Intervention de Jean-Noël Guérini

Commission des affaires étrangères, de la défense et des forces armées — Réunion du 12 décembre 2018 à 10h00
Situation en ukraine et en particulier sur les incidents dans le détroit de kertch — Audition de s.e. M. Oleg Shamshur ambassadeur d'ukraine

Photo de Jean-Noël GuériniJean-Noël Guérini, rapporteur :

Premier contributeur au budget de l'ONU, les États-Unis en sont l'un des piliers, finançant 22 % du budget ordinaire et 28 % des opérations de maintien de la paix. Ils exercent toutefois aujourd'hui des pressions fortes sur ces budgets, qu'ils souhaitent réduire, tout en diminuant la quote-part américaine.

Les États-Unis demandent, en premier lieu, un plafonnement à 25 % de leur part au financement des opérations de maintien de la paix, ce qui représenterait, à méthodologie constante, un surcoût de 250 millions de dollars pour les autres États membres, dont 50 millions de dollars pour la France.

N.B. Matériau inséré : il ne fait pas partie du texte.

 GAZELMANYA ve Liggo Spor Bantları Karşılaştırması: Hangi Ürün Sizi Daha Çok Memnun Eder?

La priorité accordée à la réduction des budgets les conduit à soutenir certains aspects des réformes engagées par le Secrétaire général. Ainsi les Américains sont très actifs sur la question de l'efficience des opérations de maintien de la paix, ce qui peut avoir des effets positifs, même si l'intention est prioritairement budgétaire et que, de fait, le budget des OMP a baissé de 20 % en trois ans. Cédric Perrin a évoqué, en outre, les réserves américaines à permettre le financement par l'ONU de forces africaines de paix.

Les États-Unis souhaiteraient réduire aussi leur contribution au budget ordinaire, actuellement plafonnée à 22 %, en abaissant ce plafond à 20 %.

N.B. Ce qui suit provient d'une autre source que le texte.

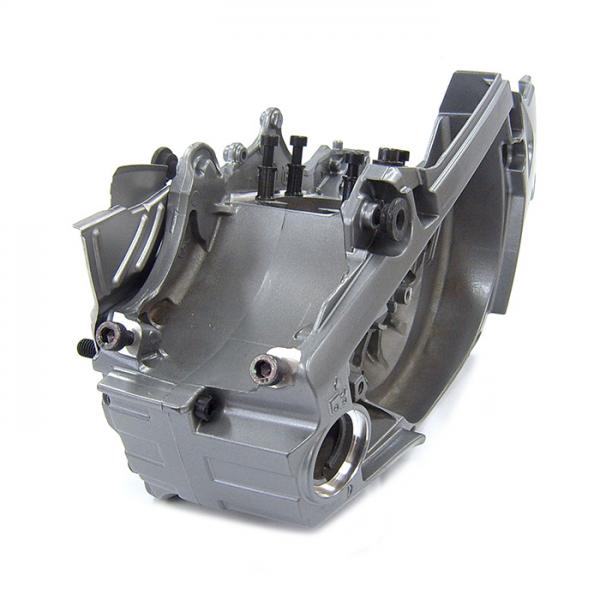 Caja Del Cigüeñal 5778347-13 en el grupo Repuestos / Piezas de repuesto Motosierras / Piezas de repuesto Husqvarna 550XP/G/Triobrake con GPLSHOP (5778347-13)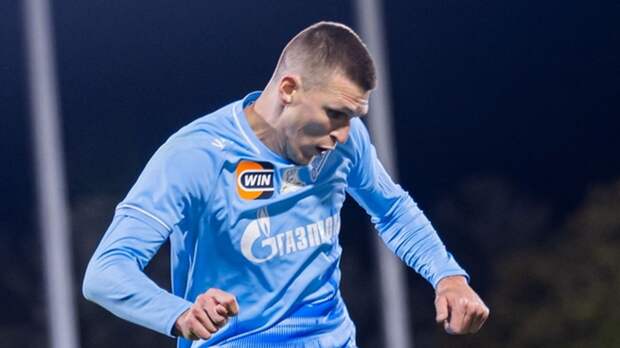 Соболев обвинил журналистов в провокации после вопроса про Аршавина: «Потом обижаетесь, что я с вами не общаюсь»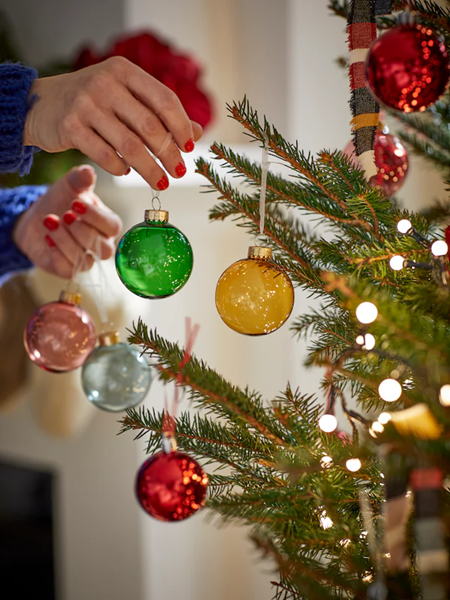 holiday decorations-3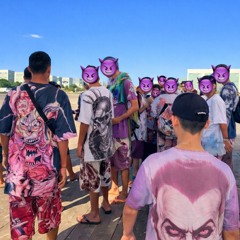 10 MINUTINHOS NO PIQUE BRASÍLIA PRA OUVIR NA VIRADA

Enfin, ils réduisent leurs contributions volontaires, ce dont ils se servent, au passage, comme d'une arme au service de leurs priorités politiques. Ce fut le cas lors de la suspension de la contribution américaine au Fonds des Nations unies pour la population (FNUAP), destiné au planning familial et aux soins apportés aux mères et à leurs enfants.

Les États-Unis se sont également retirés de l'UNRWA, qui scolarise 500 000 enfants, alors que situation humanitaire à Gaza est dramatique. Nous avons interrogé le représentant américain sur cette décision ; il nous a simplement affirmé qu'il s'agissait de mieux partager les coûts et de mieux contrôler l'usage de fonds qui serviraient actuellement, d'après lui, à diffuser de la propagande antiaméricaine au sein des écoles palestiniennes.

Par ailleurs, les États-Unis sont, parvenus à faire échec au financement par des contributions obligatoires de la réforme du système de développement des Nations unies. Il faut dire que nous avons été nous-mêmes quelque peu surpris par les modalités de cette réforme, très coûteuse. Il s'agit d'améliorer la coordination au sein du système des Nations unies, grâce à une dissociation des fonctions de coordonnateur résident et de représentant résident du PNUD. Derrière ces termes techniques, cette réforme revient, en quelque sorte, à financer la création de 140 ambassades afin de coordonner les actions de l'ONU au plan local, pour un coût annuel évalué à 255 millions de dollars, alors que ce rôle de coordination était auparavant assumé par les représentants locaux du PNUD.

Le financement de cette réforme doit être apporté via les agences du système de développement des Nations unies et grâce à des contributions volontaires des États membres. La France a récemment promis une contribution de 2 millions de dollars.

Les positions américaines, axées sur la performance de l'ONU, ont donc des effets ambivalents, qui ne sont pas tous négatifs, mais, comme nous l'avons nous-mêmes constaté, la représentation américaine auprès de l'ONU a bénéficié de fait, jusqu'à aujourd'hui, d'une certaine autonomie d'action par rapport à la Maison-Blanche, grâce à la forte personnalité et à la compétence reconnue de l'ambassadrice Nikki Haley. Celle-ci a démissionné en octobre dernier. La nomination de l'ancienne journaliste de Fox News, ancienne porte-parole du département d'État, Heather Nauert, a été annoncée voilà quelques jours. Il est à craindre que cette nomination n'aggrave le durcissement américain à l'égard du multilatéralisme, en conférant un poids accru au conseiller pour la sécurité nationale, John Bolton.

Le durcissement de la politique américaine n'est probablement pas uniquement lié à la seule personnalité de Donald Trump ; il est issu d'une longue tradition américaine de jacksonisme, du nom du septième président des États-Unis Andrew Jackson ; ce courant politique se distingue par le populisme à l'intérieur et par l'isolationnisme en politique étrangère. Cette tradition correspond à des tendances profondes au sein de la société américaine.

C'est pourquoi, malgré les résultats des récentes élections de mi-mandat, les experts de la politique américaine que nous avons rencontrés demeurent très prudents quant aux perspectives possibles et à l'avenir politique du trumpisme.